In the present study, micafungin was shown to be well tolerated with no treatment-related SAEs reported. Liver injury or renal dysfunction was not observed during study monitoring. This is in agreement with previous studies including a retrospective observational study in patients with hematologic malignancies, where there was no evidence of liver or renal toxicity with micafungin prophylaxis at doses of up to 300 mg (2–3 doses per week) [40, 42]. However, cases of hepatic dysfunction with micafungin have been reported.

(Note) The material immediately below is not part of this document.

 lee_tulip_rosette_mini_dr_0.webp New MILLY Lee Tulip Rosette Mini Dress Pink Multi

Due to insufficient data available, micafungin is currently not recommended for patients with severe hepatic impairment [20]. In addition, although micafungin has demonstrated efficacy and safety at high doses, the potential emergence of echinocandin resistance should be considered in future clinical trials [43].

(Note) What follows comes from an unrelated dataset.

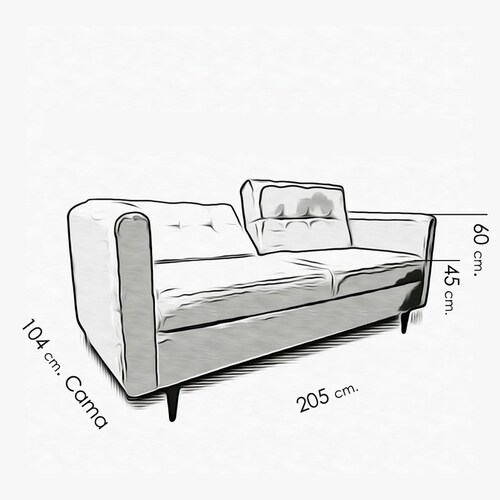 Sofa cama Palermo tela Michell Azul // ENTREGA A CDMX Y ZONA METROPOLITANA.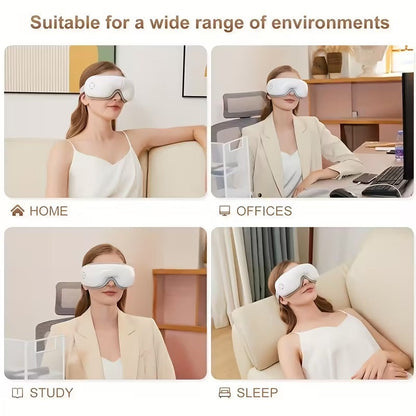 Hlpmedical 4D portable eye massager with heat and music, designed to relax and soothe tired eyes with adjustable settings.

The primary reasons for treatment discontinuation were patient discharge and lack of drug availability; no treatment-related AEs leading to treatment discontinuation were recorded. In general, rates of discontinuation due to AEs are usually lower for echinocandins than azoles, with the exception of fluconazole [41].

The strengths of the ASPIRE study include a heterogeneous population with different underlying diseases, stratification of baseline characteristics and study data by clinical presentation at baseline (EORTC/MSG criteria), administration of micafungin monotherapy in the majority of patients (97.9%), administration of micafungin as both prophylaxis and targeted treatment, and a real-world setting. The study also has potential limitations. There was no standard definition of treatment success, which was assessed by the investigator, relative to clinical presentation at the start of treatment. In addition, clinical outcome was evaluated on the last day of study treatment with no further follow-up period after the end of study treatment and was defined by the investigators based on the EORTC/MSG criteria and their judgment as relevant for clinical decision-making. Other limitations include low enrollment in the probable and proven IFI groups, low enrollment of patients with HSCT at baseline and monitoring of only SAEs and ADRs instead of all AEs. Finally, a combination of antifungal prophylaxis and treatment was used in this study.

Conclusion

In summary, in this multicenter study in Greece, micafungin was effective and well tolerated in clinical practice as prophylaxis and treatment for IC in patients with hematologic disease or with HSCT. This study demonstrates that micafungin could be more widely used for prophylaxis and provides evidence of micafungin use at doses up to 150 mg/day. However, further work is required to determine the efficacy and safety of micafungin for the management of IFI in a hematologic setting.